Erwin will oversee the Southwest California Synod, which covers Los Angeles and the surrounding area.
“The ELCA is a church that belongs to Christ, and in it there is a place for all,” stated spokeswoman Melissa Ramirez Cooper. “The election of Pastor Erwin illustrates what many in the 4 million-member church believe: that God calls each of us by name.”
Erwin currently leads Faith Lutheran Church in Canoga Park, California and is also a professor of Lutheran Confessional Theology at California Lutheran University in Thousand Oaks, California.
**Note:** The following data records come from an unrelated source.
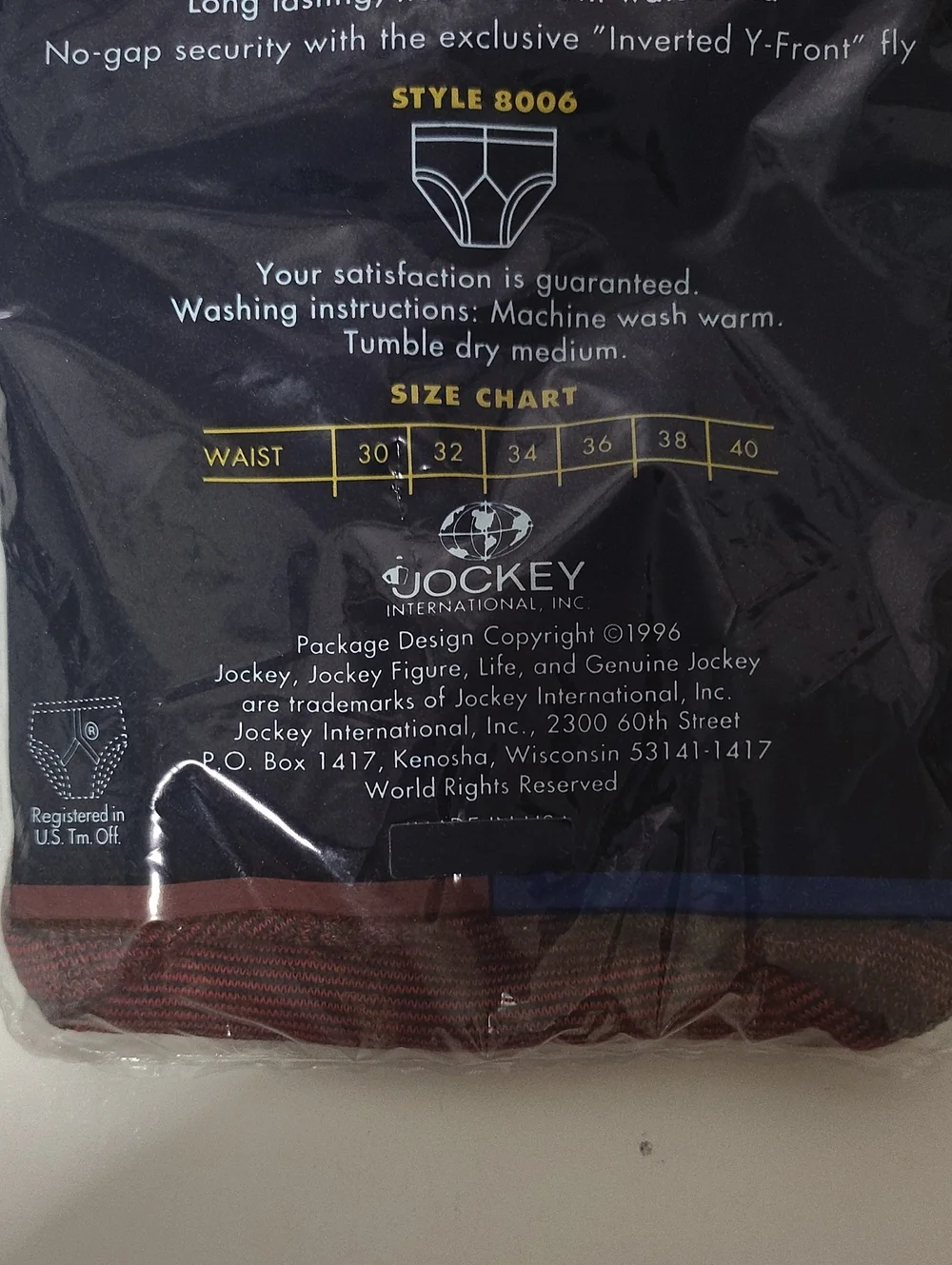 Vintage 1996 Jockey Life Men's Low-Rise Briefs - 1 Pair - Size 32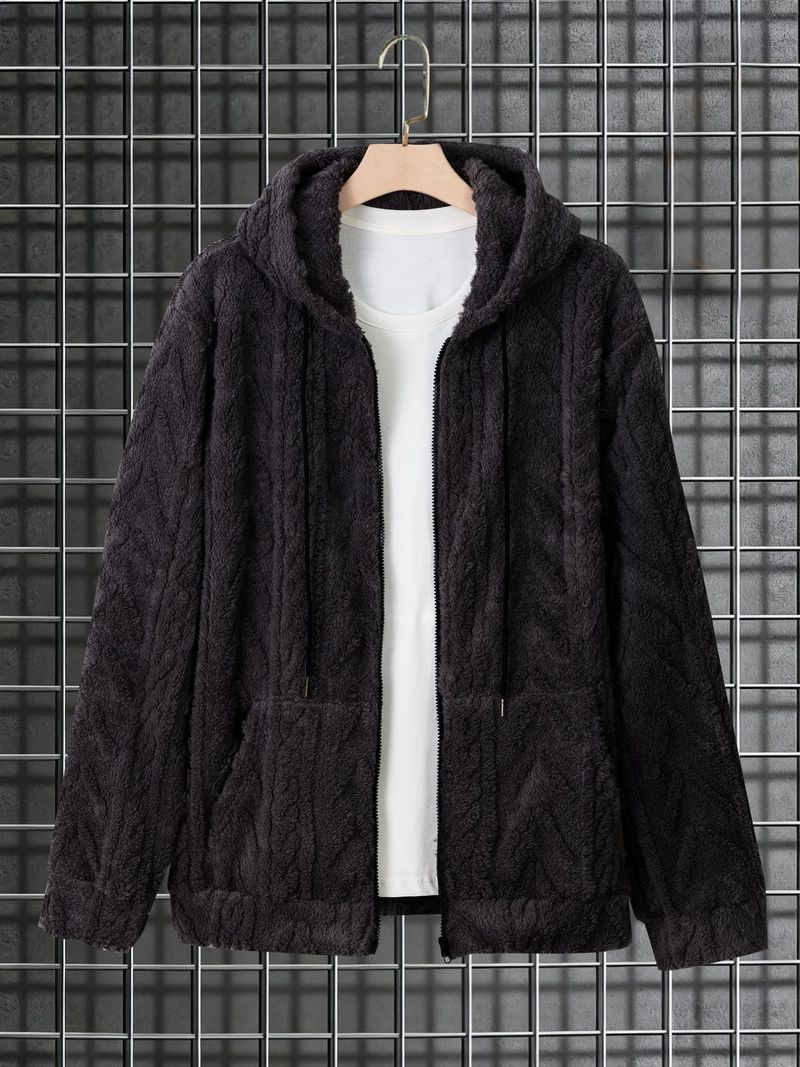 Felpa oversize con cappuccio da uomo – Pullover morbido foderato in pile per abbigliamento streetwear e da casa (nero, antracite, beige, blu navy)_voghion.com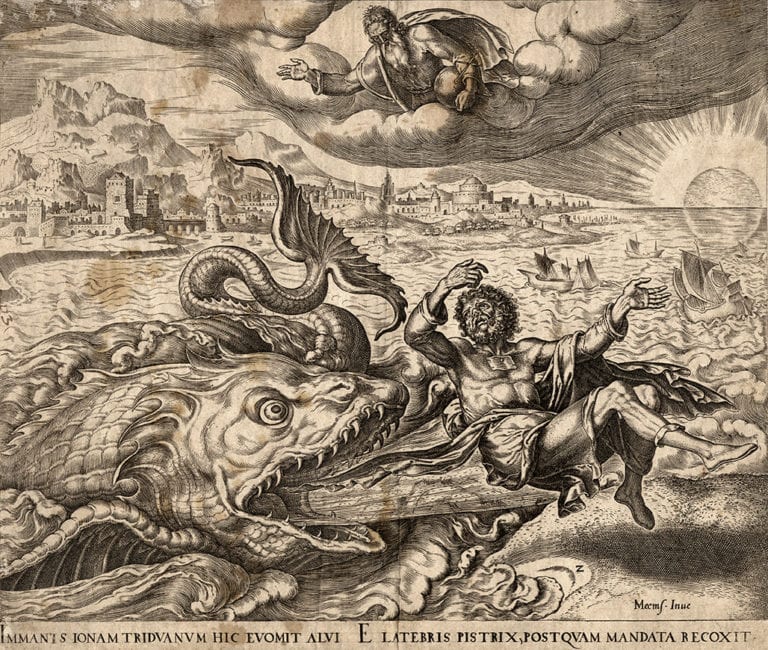 Caption: Marten-Jacobsz van Veen Heemskerk, Jonah and the Whale, c. 1566.

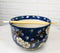 Midnight Blue Plum Blossoms Large 24Oz Donburi Ramen Bowl With Chopsticks Set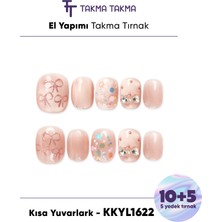Takma Takma KKYL1622 Kısa Yuvarlak 15'li Tekrar Kullanılabilir El Yapımı Protez Takma Tırnak - Renkli-S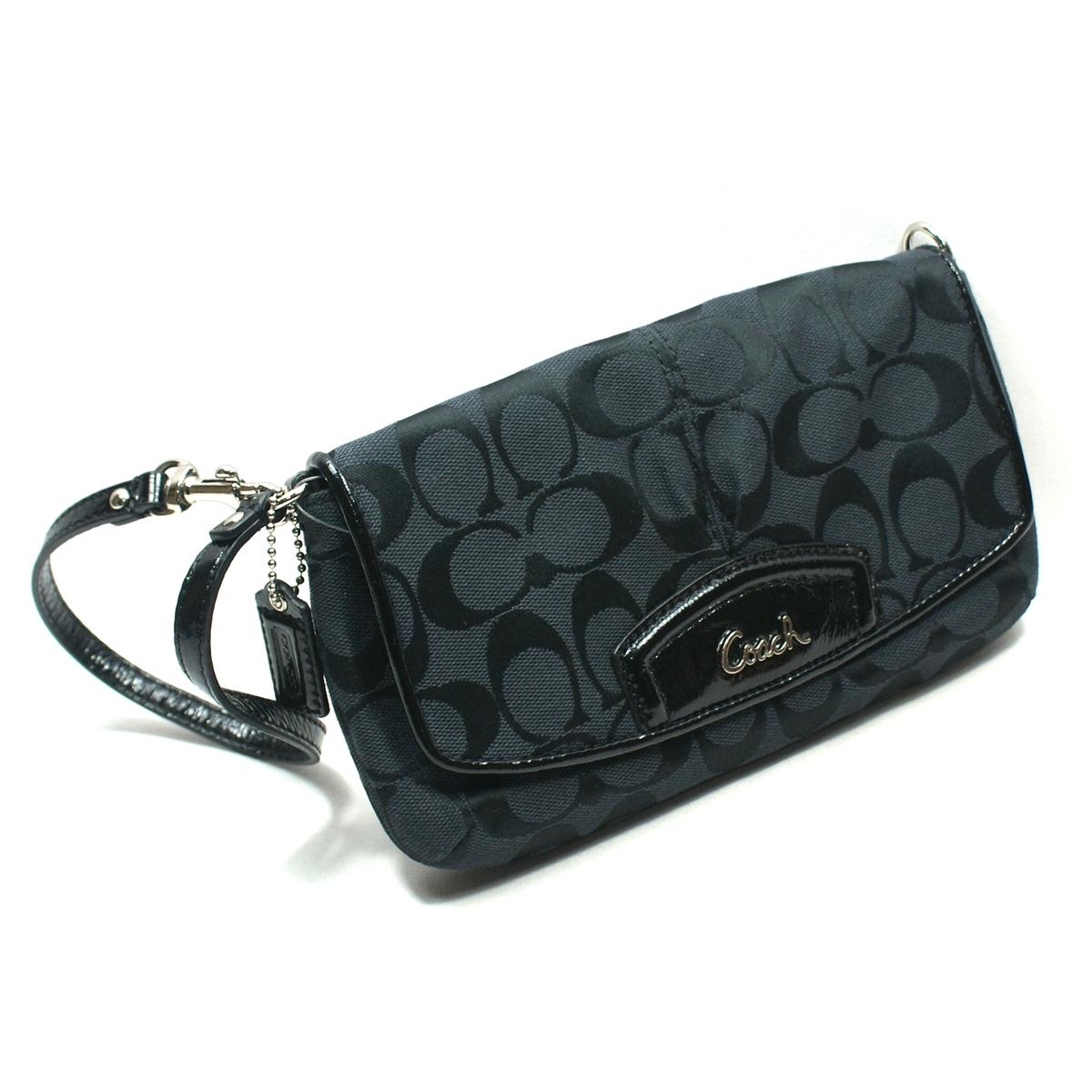 Coach Signature Large Flap Wristlet/ Clutch Black #48127 | Coach 48127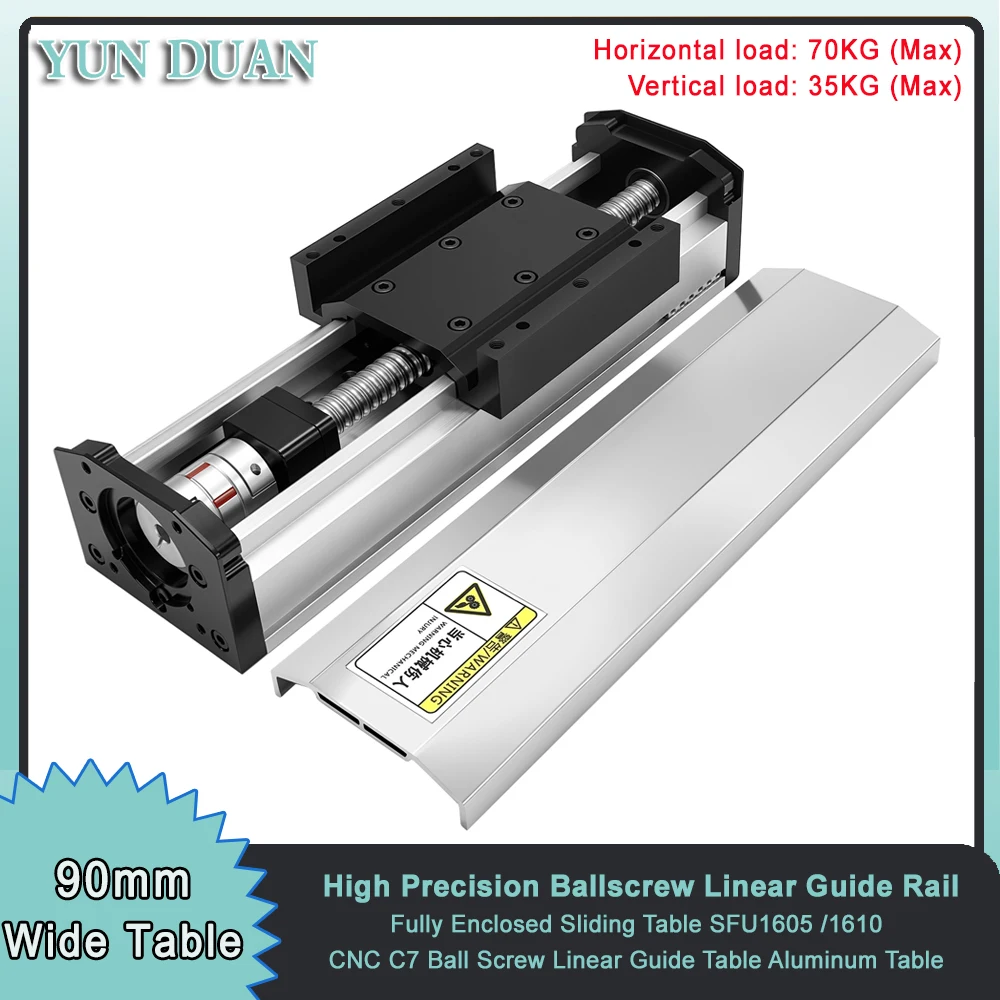 90mm Width Fully Enclosed Linear Rail Guide Dust Cover Ballscrew Slide Stage For Nema 23/Nema34 Stepper Motor/60/80mm Servo 70KG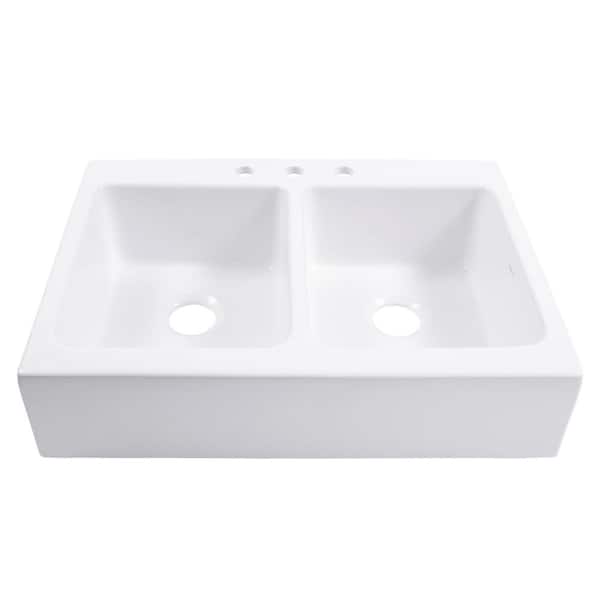 Parker 34 in. 3-Hole Quick-Fit Farmhouse/Apron-Front Drop-In Double Bowl Crisp White Fireclay Kitchen Sink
He is additionally the ELCA representative to the Faith and Order Commission of the World Council of Churches, and is noted as being the first Native American bishop in the denomination.
“I know that many will see my election as a significant milestone for both LGBT people and Native Americans, and I pray that I can be a positive representation for both communities,” Erwin told the homosexual advocacy group GLAAD. “There was a time when I believed that I would not be able to serve as a pastor in the ELCA. Our church has now recognized the God-given gifts and abilities that LGBT people can bring to the denomination.”
His bio states that he believes he brings to the position a “deep faith in Christ’s presence in his church lived out in 20 years of parish experience blended with university and seminary-level teaching.”
The ELCA voted in 2009 to allow homosexual clergy, which has resulted in over 600 churches parting ways with the denomination.
“The vice of the sodomites is an unparalleled enormity,” Lutheran founder Martin Luther once stated, according to Ewald Martin Plass’ book What Luther Says: An Anthology. “It departs from the natural passion and desire, planted into nature by God, according to which the male has a passionate desire for the female. Sodomy craves what is entirely contrary to nature.”
“Whence comes this perversion? Without a doubt it comes from the devil,” he continued. “After a man has once turned aside from the fear of God, the devil puts such great pressure upon his nature that he extinguishes the fire of natural desire and stirs up another, which is contrary to nature.”